### INPUT MATERIAL ###
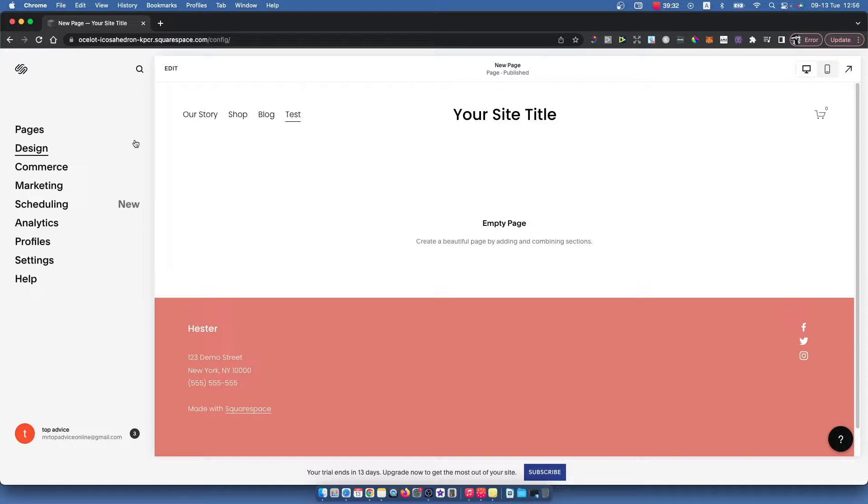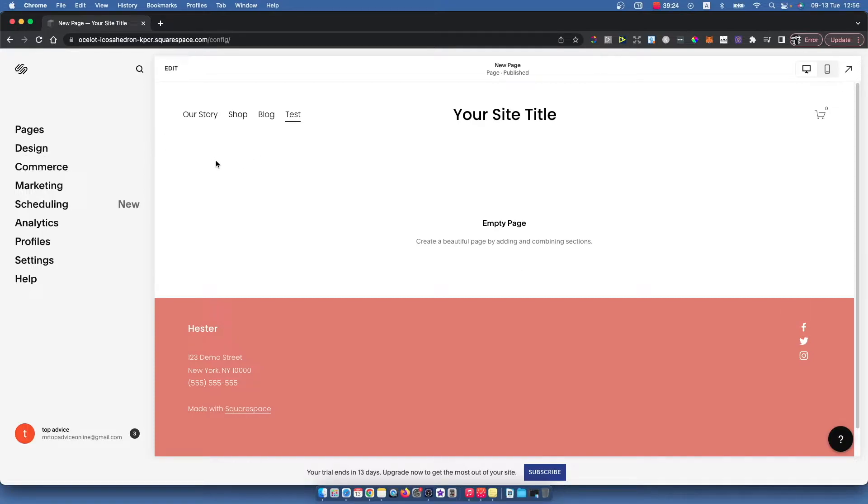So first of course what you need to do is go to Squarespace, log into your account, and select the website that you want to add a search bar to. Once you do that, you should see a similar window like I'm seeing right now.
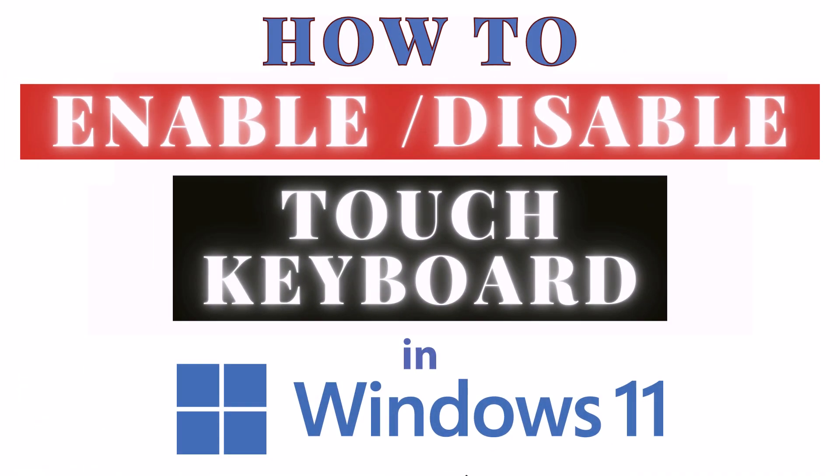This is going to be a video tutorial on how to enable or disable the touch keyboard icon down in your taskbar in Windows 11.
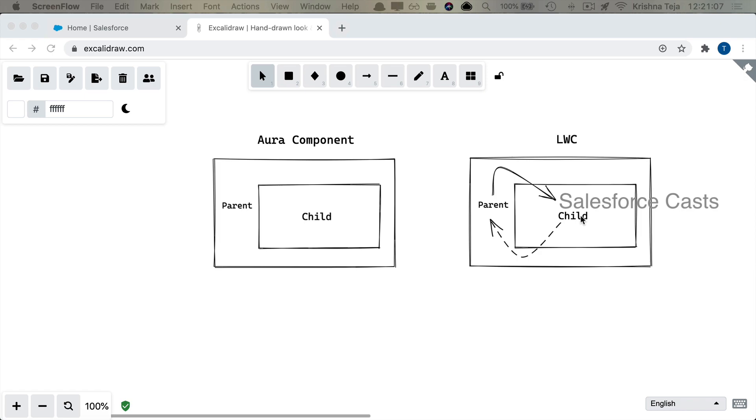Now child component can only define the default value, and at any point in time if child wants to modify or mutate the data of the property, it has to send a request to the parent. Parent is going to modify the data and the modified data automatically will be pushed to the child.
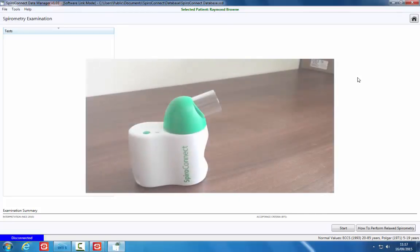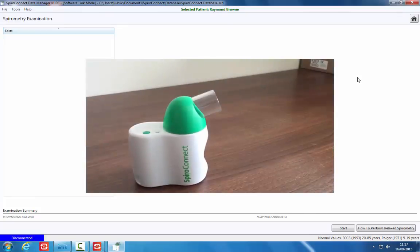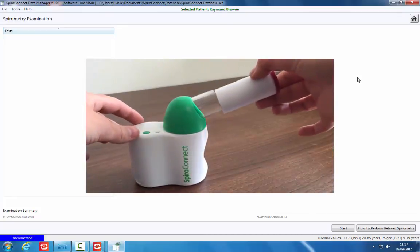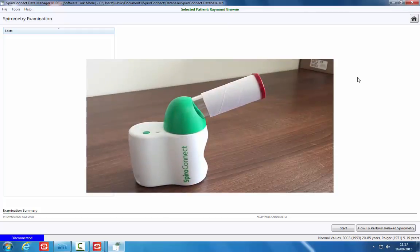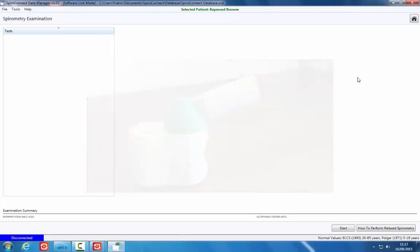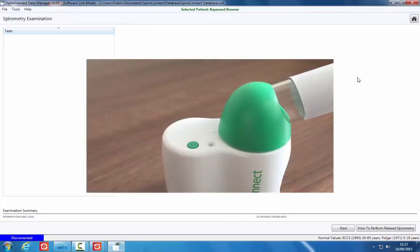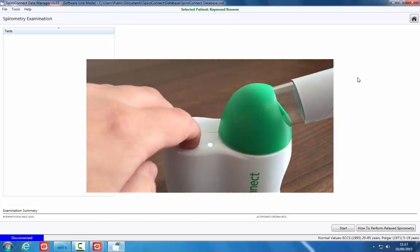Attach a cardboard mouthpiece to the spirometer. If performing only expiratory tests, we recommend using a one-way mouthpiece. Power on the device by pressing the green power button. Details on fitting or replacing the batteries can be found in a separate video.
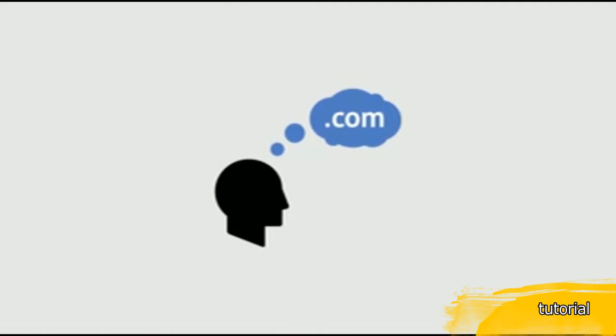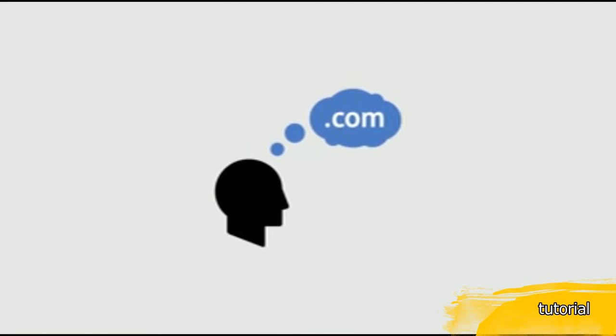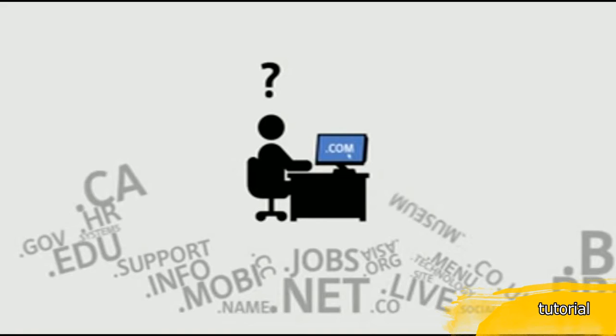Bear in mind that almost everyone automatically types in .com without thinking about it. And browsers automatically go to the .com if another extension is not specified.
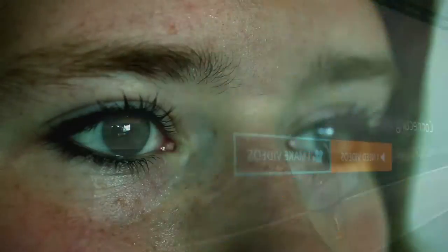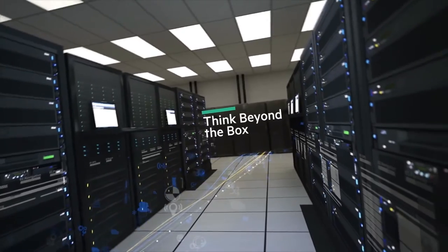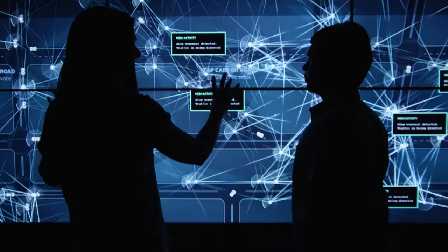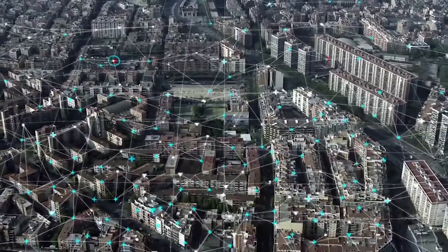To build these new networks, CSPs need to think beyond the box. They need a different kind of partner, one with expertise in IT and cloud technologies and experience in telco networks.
###
YOUR INSTRUCTIONS
Only the lines starting at the one that includes "This is going" and ending at the one that includes "Now child component" should be retyped, exactly, from the records above; no pictures.

RESPONSE TO THIS TASK
This is going to be a video tutorial on how to enable or disable the touch keyboard icon down in your taskbar in Windows 11.
Now child component can only define the default value, and at any point in time if child wants to modify or mutate the data of the property, it has to send a request to the parent. Parent is going to modify the data and the modified data automatically will be pushed to the child.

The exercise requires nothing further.